Appeals court orders McDonnel Group back to arbitration in dispute with insurer

By Charmaine Little | May 24, 2019

NEW ORLEANS – The U.S. Court of Appeals for the Fifth Circuit affirmed on May 13 that an arbitration amendment is irrelevant, ordering a company suing its insurance provider to take the arbitration route.

Circuit Judge E. Grady Jolly wrote the opinion. Justices Edith H. Jones and James L. Dennis concurred.

McDonnel Group, LLC sued Great Lakes Insurance SE after Great Lakes refused to pay for water damage the plaintiff’s building allegedly suffered. The lawsuit was not in compliance with the agreement McDonnel and Great Lakes signed when Great Lakes began insuring the company. A portion of the agreement said that should a dispute arise, the parties would settle it in arbitration. 

McDonnel filed a lawsuit against Great Lakes in the U.S. District Court for the Eastern District of Louisiana. That court granted Great Lakes its motion to dismiss, agreeing that McDonnel had previously agreed to pursue arbitration for any disputes.


5th Circuit Judge James L. Dennis  

While McDonnel said the arbitration clause was “amended out” of the agreement “through the contract’s conformity to statute provision because arbitration conflicted with a Louisiana statute,” both the district court and the appeals court said the conformity provision does not cancel out the agreement to arbitrate. Specifically, the Louisiana statute that McDonnel said Great Lakes was infringing upon, was already preempted.
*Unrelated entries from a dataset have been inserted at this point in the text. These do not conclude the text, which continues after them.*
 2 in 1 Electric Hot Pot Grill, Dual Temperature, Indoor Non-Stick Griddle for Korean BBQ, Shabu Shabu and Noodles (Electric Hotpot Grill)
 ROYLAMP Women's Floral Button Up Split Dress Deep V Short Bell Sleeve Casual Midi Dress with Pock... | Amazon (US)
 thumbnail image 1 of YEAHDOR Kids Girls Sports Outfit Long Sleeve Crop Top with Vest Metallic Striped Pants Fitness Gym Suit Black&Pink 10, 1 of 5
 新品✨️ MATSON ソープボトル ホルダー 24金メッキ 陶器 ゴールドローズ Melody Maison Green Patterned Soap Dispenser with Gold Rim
The appeals court pointed out that while a conformity provision is included in the agreement at issue, the “provision only applies in the event any terms of [the] policy are in conflict with the statutes of the jurisdiction where the insured property is located."
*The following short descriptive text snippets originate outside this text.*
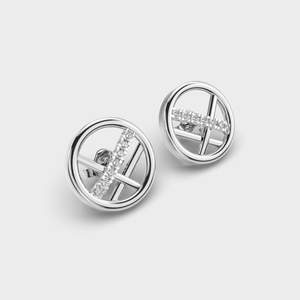 Circle Shape Daily Wear Charm Stud Pendiente Corte redondo Moissanite Diamond Push Back Stud 925 Regalos de plata para fiesta de cumpleaños - Product Image 3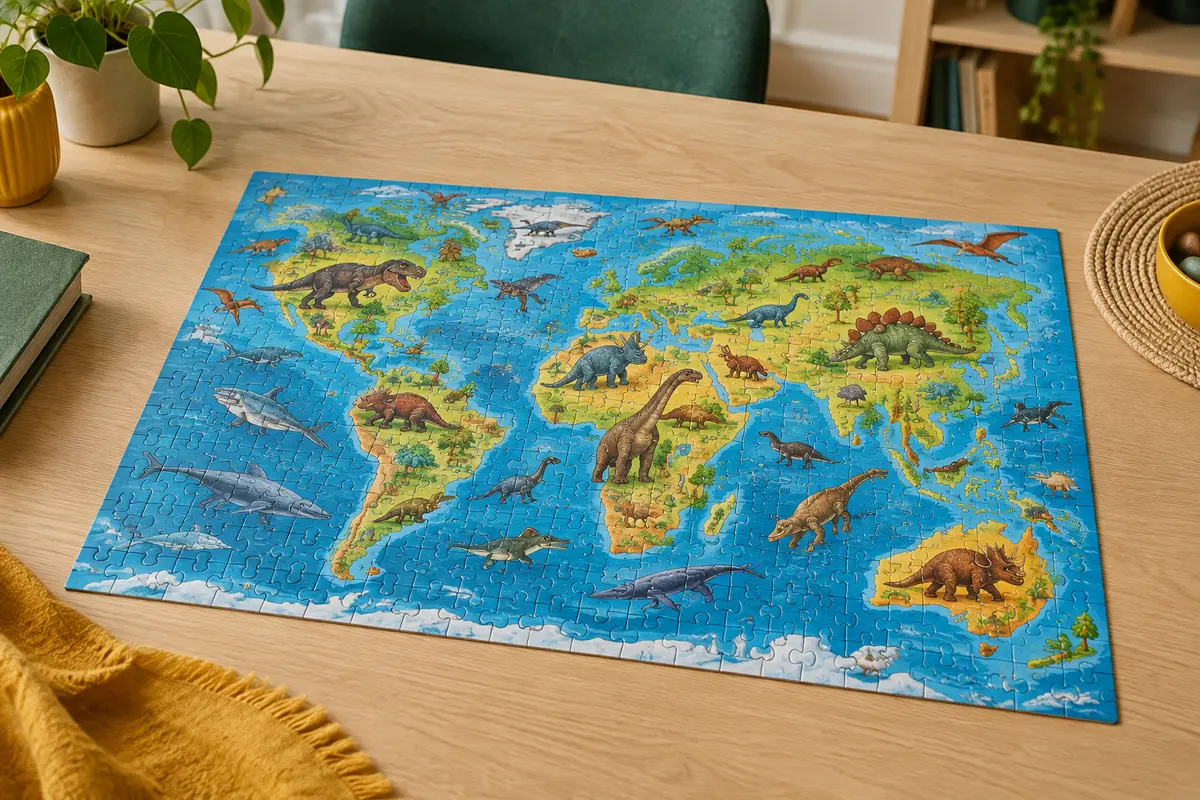 Puzzle Ravensburger de 100 pièces XXL terminé, illustrant une carte du monde et des dinosaures colorés.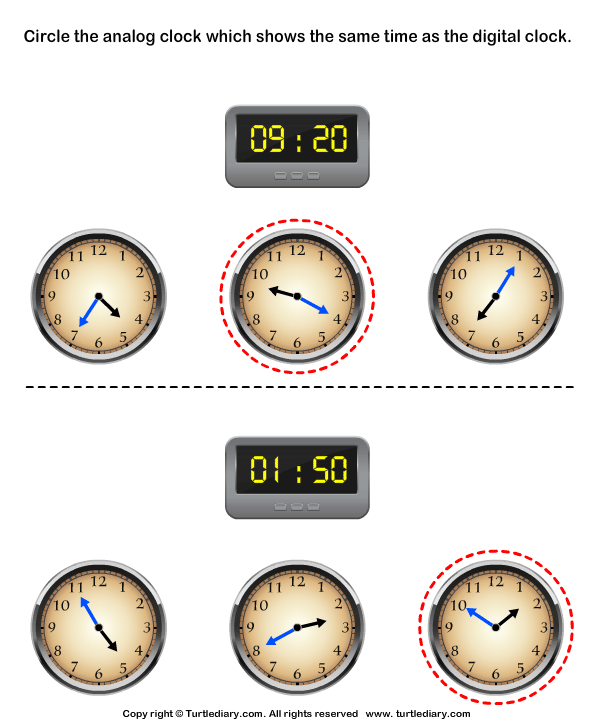 Match Analog and Digital Clocks Answer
While this policy's arbitration provision does not comply with a statute that bans arbitration agreements, the key is that the statute in question was already preempted. For that reason, it does not work for McDonnel’s argument in this case.

“With that premise established, the conformity provision is not triggered; its inapplicability leads only to the conclusion that the arbitration provision survives, undiminished by state law,” said the appeals court as it affirmed the lower court’s ruling and ordered arbitration.